An internal test (english version) between the Bundestag administration, SuSE, IBM and Microsoft confirmed that GNU/Linux and Free Software are in fact ready for the Bundestag's IT infrastructure, yet the testers don't like the copy&paste method used by KDE and recommend Windows for the desktops.
Last week, the Bundestag members (MdB) Jörg Tauss and Hans-Joachim Otto have been invited by Heise for an online chat with the community. While Jörg Tauss is a clear supporter of open standards and Free Software, Hans-Joachim Otto takes the internal test as well as Infora's research as primarily relevant for the coming decision.
On Saturday, MdB Uwe Küster summarized some details in an interview. He considered the decision - officially due Feb 28 - as almost finalized. The solution would show GNU/Linux on most servers, Windows XP and Office XP on the desktops, keeping proprietary data formats and lock-in interfaces up to the next upgrade cycle, which in fact would have been problem number one to solve.
All in all, the community has provided lots of experience, ideas and solution paths which finally seem to be largely ignored in the decision finding process towards the successor of a homogenous Microsoft Windows NT4 infrastructure, which has to be replaced until 2003 when Microsoft will no longer provide support for NT4."
That's a lot of cleaning up to do! maffew writes "A lot of feedback and ideas have been flying around since my article How to fix the Unix configuration nighmare was featured on freshmeat and slashdot. So we've created an ongoing web site and mailing list for people to continue discussing, organising, and hopefully in the end coding. It's all at unixconfig.sourceforge.net.
Meanwhile here's a link to the permanent home for the nightmare article. This is where I'm making revisions and adding links."
Raise your hand if this would mean seeing it for the 4th time ... Chris Brewer writes "In case you've been living on a different planet, The Fellowship of the Ring picked up Five Baftas, the British equivalent of the Oscars, including Best Director, Best Film, and Peoples Choice. During a live interview (Real only) after the awards, Peter Jackson announces that a preview for The Two Towers will be shown from the March 22 screenings of The Fellowship."
At long last ... something? If you've followed the strange relationship Microsoft has had with Kerberos, you may feel grateful to the anonymous coward who writes: "It would seem that Microsoft is granting the world a royalty-free, non-exclusive license to implement their Kerberos extension."
Here's some comfort for Starcraft players. An Anonymous Coward writes "As stated on Blizzard's battle.net service, the latest Starcraft patch supports UDP play, so some of the compelling reasons to use bnetd have been addressed. Whatever you may think of Blizzard and the DMCA, at least it shows Blizzard is listening to its fans."
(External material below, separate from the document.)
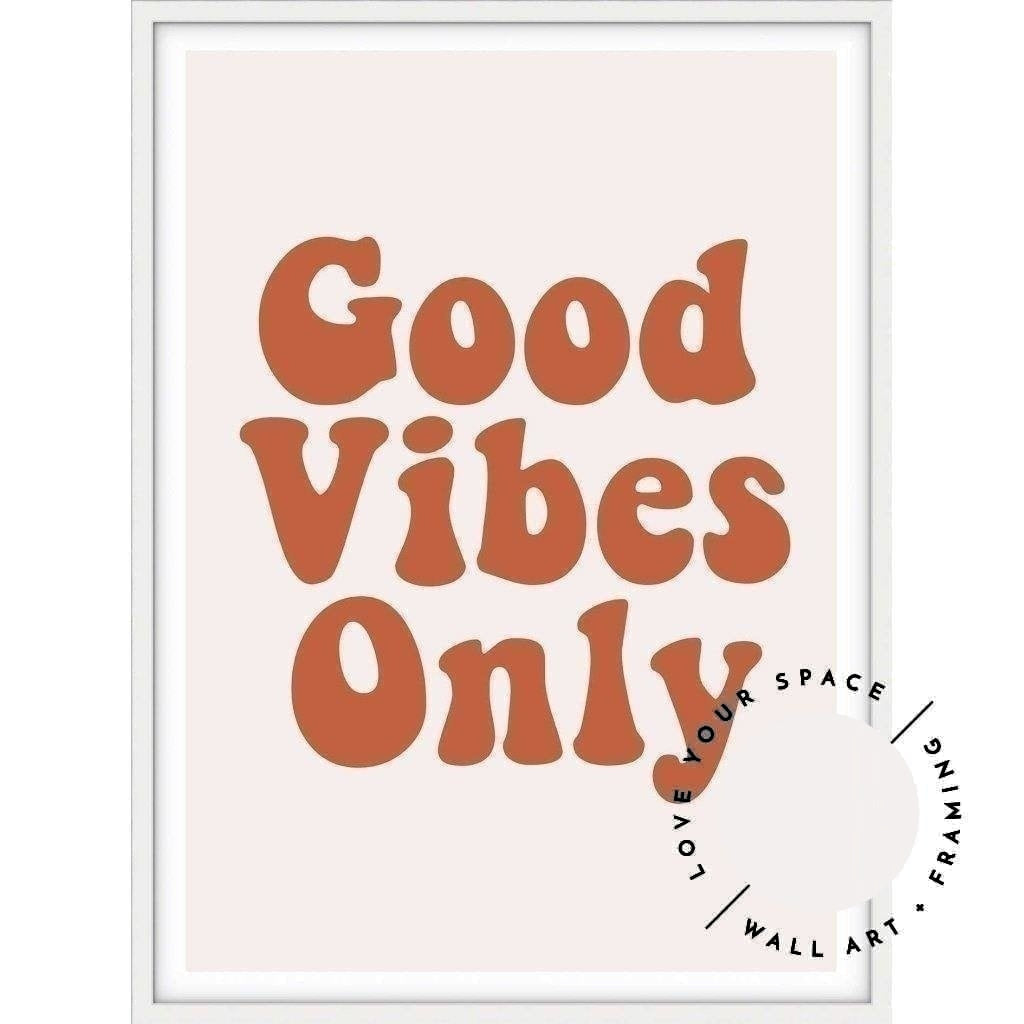 Good Vibes Only - Love Your Space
Yipee! They published their wire protocol:
"All data is encoded as little-endian."
Oh, god. Look, since the start of time itself binary data on the net has been big endian. No, you do not know better.
Head->table: Bang! Bang! Bang!
Dave
I write a blog now, you should be afraid.
I am neither expert enough at Kerberos nor Samba to know if the above-referenced web page (Here in case you missed it) is truly sufficient for interoperability, but it sure looks like it.
And the critical language is at the bottom:
and
Translation: You can use this spec in your products. It's not covered by any of our current or pending patents, and even if it is, you can still use it royalty-free.
Other related specs are not rendered licensed or royalty-free, so they MAY have kept a loophole - but this looks sincere so far.
Amazing news, really.
The Crystal Wind is the Storm, and the Storm is Data, and the Data is Life
Actually the UDP support has nothing to do with bnetd. Starcraft was ported to Mac OS X, which doesn't have a working IPX protocol that they could use. So rather than try to graft IPX onto the Carbon version of Starcraft they created a new UDP version for LAN play with OS X, then added UDP to the other versions afterwards.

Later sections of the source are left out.